▶ **Aim of the exercise**
From the first line to the last, print the material exactly, skipping the pictures.

*** Provided data ***

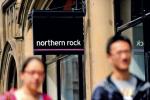 Bank Northen Rock wpadł w kłopoty latem 2007 roku. Klienci ustawili się w kolejkach po swoje depozyty. Jedynym ratunkiem była nacjonalizacja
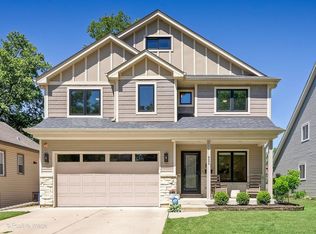 452 S Harvard Ave, Villa Park, IL 60181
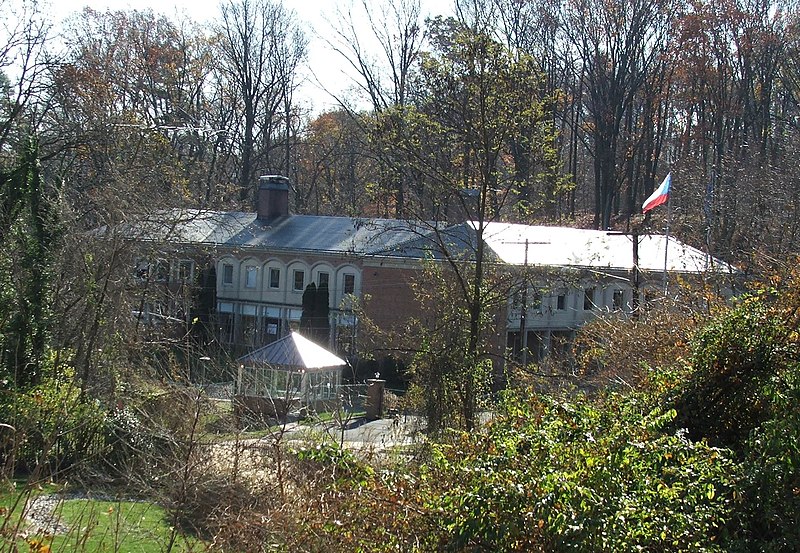 File:Czech embassy Washington 3020.jpg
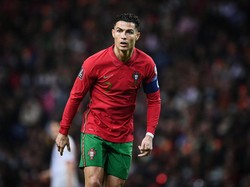 Syarat serupa berlaku kepada Cristiano Ronaldo bersama Portugal. Seperti halnya Messi, ia sudah tampil di Piala Dunia 2006, 2010, 2014, dan 2018, dengan capaian terbaik menjadi semifinalis pada 2006. Di usianya yang sudah 37 tahun, tampil di Piala Dunia 2022 tampak menjadi kesempatan terakhir. Foto: (Getty Images/Octavio Passos)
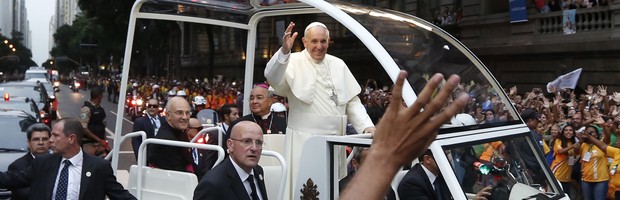 AO VIVO: após papamóvel, Papa pega helicóptero para encontrar autoridades (AO VIVO: após papamóvel, Papa pega helicpótero para encontrar autoridades (AO VIVO: após andar de papamóvel, Papa segue para encontro com autoridades (AO VIVO: após andar de papamóvel, Papa segue para encontro com autoridades (Victor R. Caivano/AP))))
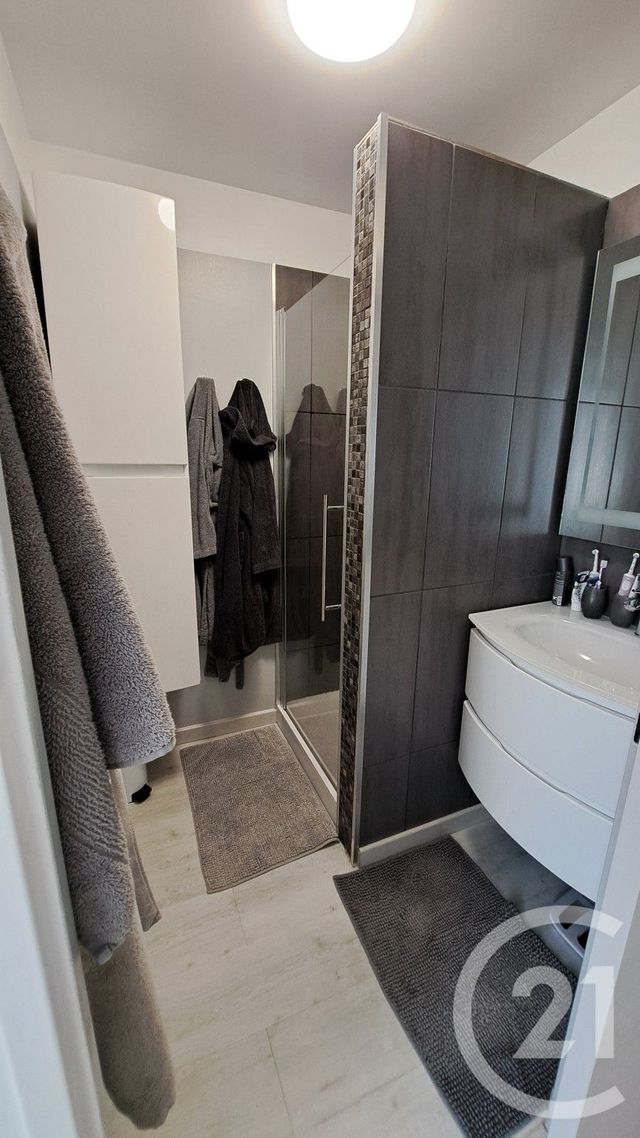 Appartement F4 à vendre - 4 pièces - 103.01 m2 - ST SEBASTIEN SUR LOIRE - 44 - PAYS-DE-LOIRE - Century 21 By Ouest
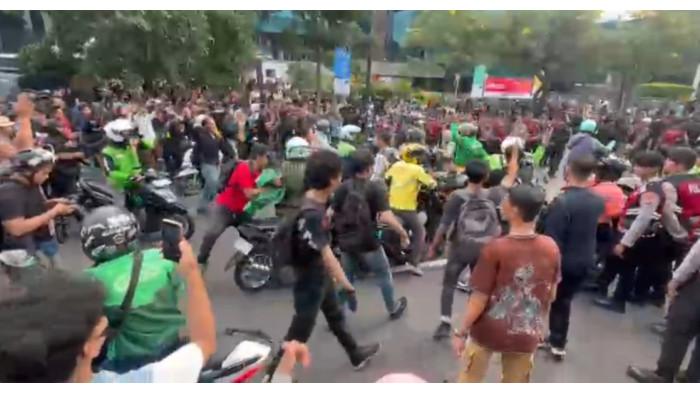 TEROBOS BLOKADE - Massa mahasiswa Universitas Indonesia (UI),masyarakat sipil berpakaian bebas menyatu mencoba menerobos barikade aparat gabungan TNI-Polri menuju Bundaran HI, Jakarta Pusat, Jumat (12/6/2026). Ratusan pengunjuk rasa tertahan di depan Gedung Thamrin Nine, Dukuh Atas, Sudirman.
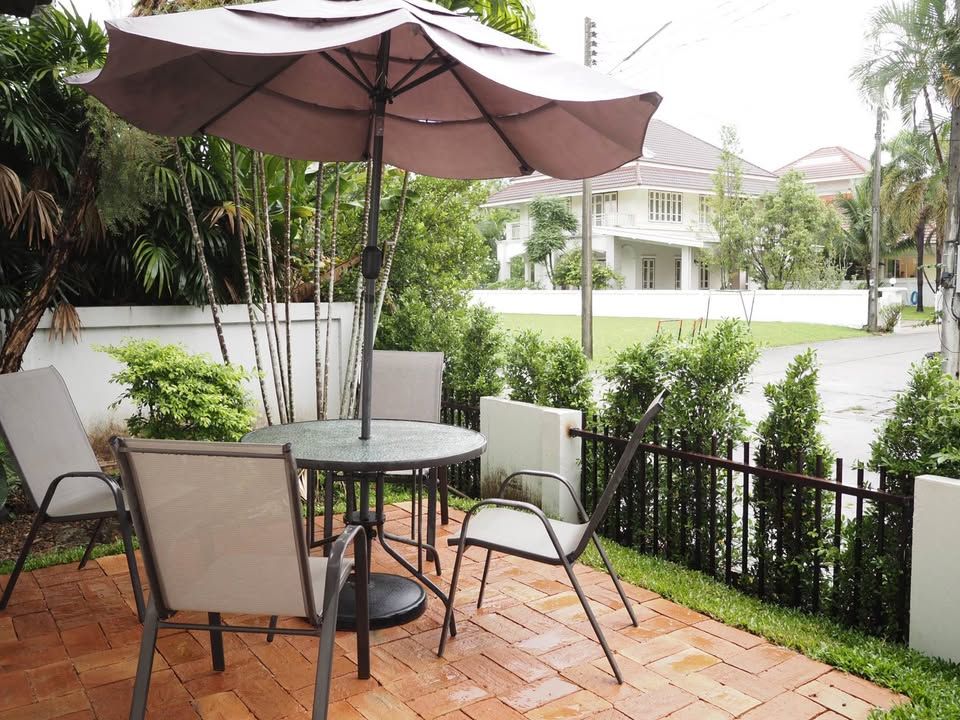 5 卧室 独立房屋 出租 在  - Image 2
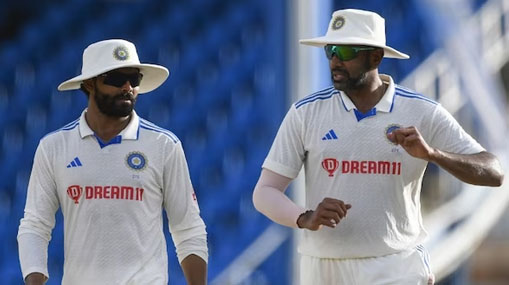 Ashwin-Jadeja Duo Record : టెస్టుల్లో భారత్ స్పిన్ జోడీ హవా.. రికార్డు బ్రేక్ చేసిన అశ్విన్ జడేజా ద్వయం..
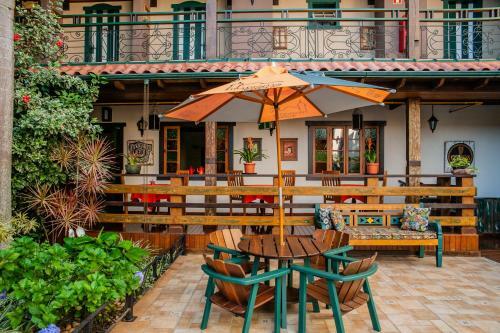 Hostal Tiradentes Village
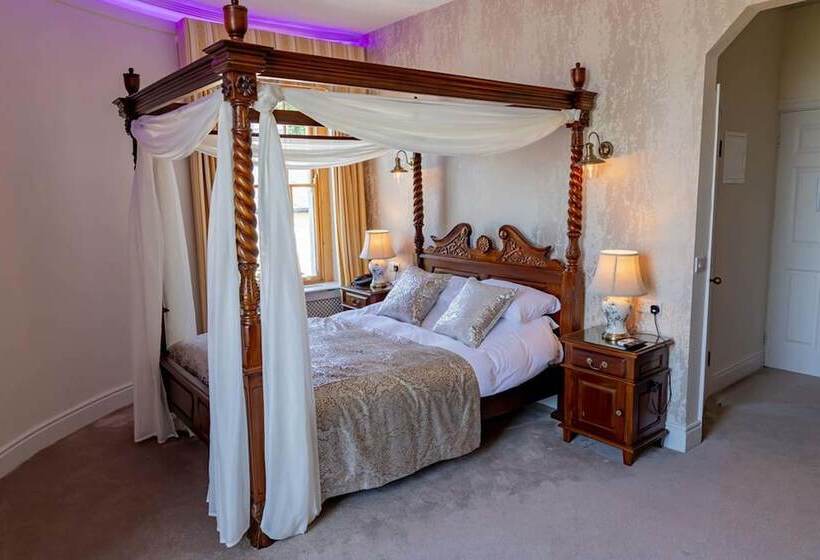 Quarto Familiar, Courtmacsherry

*** End of Provided data ***

▶ **Response to the task**
 Bank Northen Rock wpadł w kłopoty latem 2007 roku. Klienci ustawili się w kolejkach po swoje depozyty. Jedynym ratunkiem była nacjonalizacja
 452 S Harvard Ave, Villa Park, IL 60181
 File:Czech embassy Washington 3020.jpg
 Syarat serupa berlaku kepada Cristiano Ronaldo bersama Portugal. Seperti halnya Messi, ia sudah tampil di Piala Dunia 2006, 2010, 2014, dan 2018, dengan capaian terbaik menjadi semifinalis pada 2006. Di usianya yang sudah 37 tahun, tampil di Piala Dunia 2022 tampak menjadi kesempatan terakhir. Foto: (Getty Images/Octavio Passos)
 AO VIVO: após papamóvel, Papa pega helicóptero para encontrar autoridades (AO VIVO: após papamóvel, Papa pega helicpótero para encontrar autoridades (AO VIVO: após andar de papamóvel, Papa segue para encontro com autoridades (AO VIVO: após andar de papamóvel, Papa segue para encontro com autoridades (Victor R. Caivano/AP))))
 Appartement F4 à vendre - 4 pièces - 103.01 m2 - ST SEBASTIEN SUR LOIRE - 44 - PAYS-DE-LOIRE - Century 21 By Ouest
 TEROBOS BLOKADE - Massa mahasiswa Universitas Indonesia (UI),masyarakat sipil berpakaian bebas menyatu mencoba menerobos barikade aparat gabungan TNI-Polri menuju Bundaran HI, Jakarta Pusat, Jumat (12/6/2026). Ratusan pengunjuk rasa tertahan di depan Gedung Thamrin Nine, Dukuh Atas, Sudirman.
 5 卧室 独立房屋 出租 在  - Image 2
 Ashwin-Jadeja Duo Record : టెస్టుల్లో భారత్ స్పిన్ జోడీ హవా.. రికార్డు బ్రేక్ చేసిన అశ్విన్ జడేజా ద్వయం..
 Hostal Tiradentes Village
 Quarto Familiar, Courtmacsherry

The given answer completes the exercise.